CG: I started out writing what I thought would be an edgy comedy. I didn’t have any interest in writing anything about show business, but there was something about the emotional nature of this guy’s world, and what he had been through, and the way he was circling the scene of the crime where he’d been so traumatized, trying to get healed. That really was compelling to me.
As I started working on it, the things it kept making me think about were that classic Sunset Boulevard, neo-noirs like Kiss Kiss, Bang Bang and Chinatown. It felt like that world for me, yet it felt like there was a magical component, an imaginative thing that I didn’t feel like I’d seen done this way before. That’s what was most exciting about it for me. I didn’t feel like it completely fit into anything I’d ever seen before, and from my perspective, there are those sorts of movies that really take a dark turn, but I feel like this takes more of a complex turn into something that’s kind of dark but also very hopeful and magical.

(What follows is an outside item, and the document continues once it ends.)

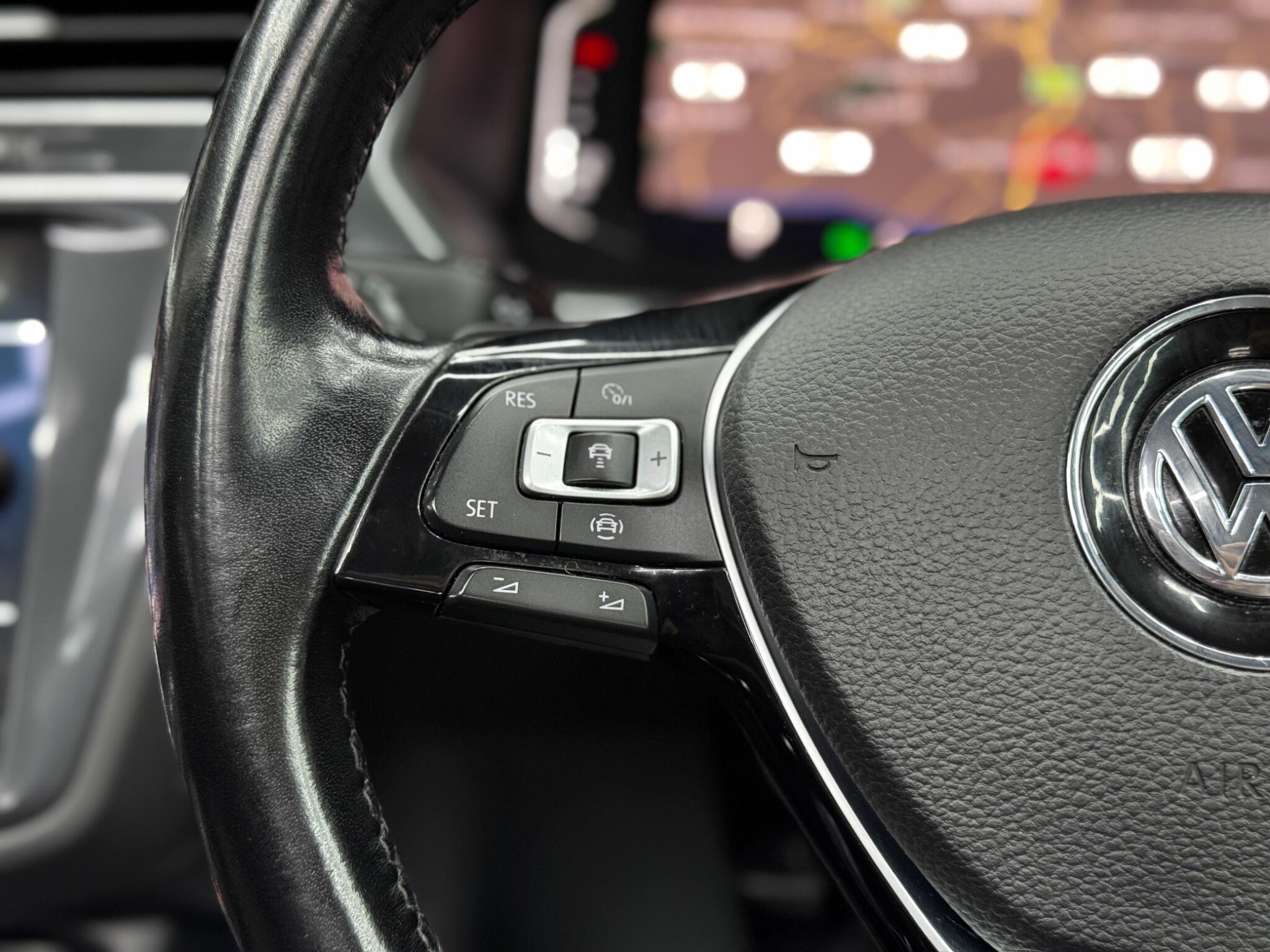 Volkswagen Tiguan view 20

I don’t see the point in making an independent film if you're going to be safe.
Tribeca: Amanda Peet said something interesting. She observed that your scenes with her are so light that there is something very Preston Surges or Ernest Lubitsch in your romantic banter. My favorite line of the movie is ‘Oh you didn’t know, but I’ve been stalking you from afar.’ Did you look to those sorts of movies?
CG: I love movies like The Big Sleep that just have crackling dialogue. I love that and I feel like Amanda’s so incredible in the film that while there’s kind of a romantic comedy element to our scenes, we are not young people. It feels like we are two people who’ve really been romantically beaten up and tentatively decide they can trust each other, and I guess that’s kind of what interested me about it. There were some parts that I found really funny, but all of them had a kind of sadness underneath them.
Tribeca: In addition to producing, youserved triple duty on this film—actor/director/writer. Which of these roles proved to be the most challenging and why?
CG: In a way, the acting of it was physically more difficult than anything I can remember trying to do, because I was doing these other jobs. Plus, I had to expend a great amount of energy to prepare and just keep up with the rest of the cast. I would have to drive back to the hotel four blocks away because I was just so tired, I couldn’t walk back.
In the long run, making the movie work in post and finding a way to get the visual effects done were tough as well. However, making the movie work as a director/producer as well proved to be the most challenging part in the long run.
Tribeca: I think Trust Me is a really great title for the film. Did it just occur to you or was there a particular source of inspiration?
CG: There were some titles that I thought of, but they were titles that I didn’t love or that gave away the ending. They were really just bad, to be honest. Titles are the hardest thing to come up with. I did have titles that referred to Lydia’s story, but I think that, even though their journeys are so mirrored and connected, the film feels like Howard’s story.
Tribeca: Trust Me is one of our Back-By-Popular Demand movies, which merits an extra showing on the last day of the Festival. What makes Trust Me a must-see?
CG: I don’t think you’ll see—and I’m going to exclude myself from this—I don’t think you’ll see a better cast of actors. I think the people that I was lucky enough to hire give a more seamless ensemble performance with humor and depth than you will see in any other film at the festival. [laughs] However, I can only say that because I haven’t seen any other films.